My childhood growing up in New Jersey was marked by the somewhat confusing feeling of being both on the inside and outside of my social world. I was always overweight, which I clearly could not hide. I was also gay, a secret I guarded vigorously – driven by an intense fear of being forced completely to the outside and providing those who already used the word “fat” to keep me down with “fag”…the ultimate insult. My weight and my sexuality will forever remain inextricably linked in my psyche.
After college, in NYC and well over 300 lbs, I undertook a personal overhaul. I remain a “big” guy today – but one remarkably smaller who goes to the gym four times a week and eats significantly healthier. During the first two months of my renovation project, I lost over 50 lbs, and as people began to notice me as more than a spare tire farm, I began to recognize that the inevitable question of why I wasn’t dating anyone would soon come up. I couldn’t hide behind my weight in quite the same way anymore.
As I grappled with this, a close friend of mine who recently began coming out ran into an old friend of his at a gay bar. He seemed just like me…unsure of what he was doing, freaked that my friend saw him there, grappling with all sorts of issues. He was cute, but that wasn’t the point. I didn’t come on to him. I called him one night, went over to his apartment and came out to him. I relished the idea of being able to talk to someone who was not only in the same phase of coming out of the closet experience, but who was also, aside from our one common friend, completely detached from the rest of my social life. That night, I said quite a few things out loud for the first time. Saying I thought a guy was “hot” – in essence, articulating a thought I had thousands of times but until that moment would never dare say aloud – remains one of the most liberating moments of my life.
At nearly 27 years of age, 3 weeks after I garnered the strength to come out to one person, my mother asked me if I was gay.

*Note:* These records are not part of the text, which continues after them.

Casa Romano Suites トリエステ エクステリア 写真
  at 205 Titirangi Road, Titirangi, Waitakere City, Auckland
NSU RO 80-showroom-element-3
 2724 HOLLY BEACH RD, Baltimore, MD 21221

To this day, I am not sure what tipped her off. Maybe she was wondering why my weight loss did not translate into a (straight) dating life. Maybe she always wondered. Maybe she saw my iPod playlist. Whatever the reason, without warning and not quite ready, I was out to my parents, the next day to my brother and sister-in-law, and then to friends. The process proved to be so much more positive and revealing (you’d be surprised what people feel comfortable telling you once you come out to them) – that I felt borderline crazy for having suffered through so many years of laying awake…so many times I wished the “gay” away, crying silently, recognizing simultaneously that his was “no phase” and that I did not have the courage yet to say so.
With all the changes going on in my life, the pervasive same feeling from my youth – of being both on the inside and the outside – remained. My past was straight – and I wasn’t. My future was gay – but my social life wasn’t. I was nowhere and everywhere. Once the novelty of coming out was over and I, along with everyone I knew, at least appeared to be at peace with it, my life began to resemble my workouts. I was going around and around on an elliptical…sweaty and tiring and requiring a lot of energy – without actually moving forward. After the initial and dramatic weight loss, I found that it required more effort to lose less weight. After coming out, it similarly required far more effort to take even the smallest step forward toward my future.
Now, nearly five years later, I have met and forged friendships (sometimes more) with plenty of incredible guys. I still have weight to lose, but I never put back on. I am still on that elliptical…but now there’s the treadmill, core exercises, weights. Both “inside” and “outside” of the gym, I go in circles with occasional movements forward.
Slow progress can be difficult to accept after losing 50 pounds in two months, and letting go of a secret I held for over 20 years to everyone I know in the same amount of time. Living life openly, however, means each tick forward means so much more.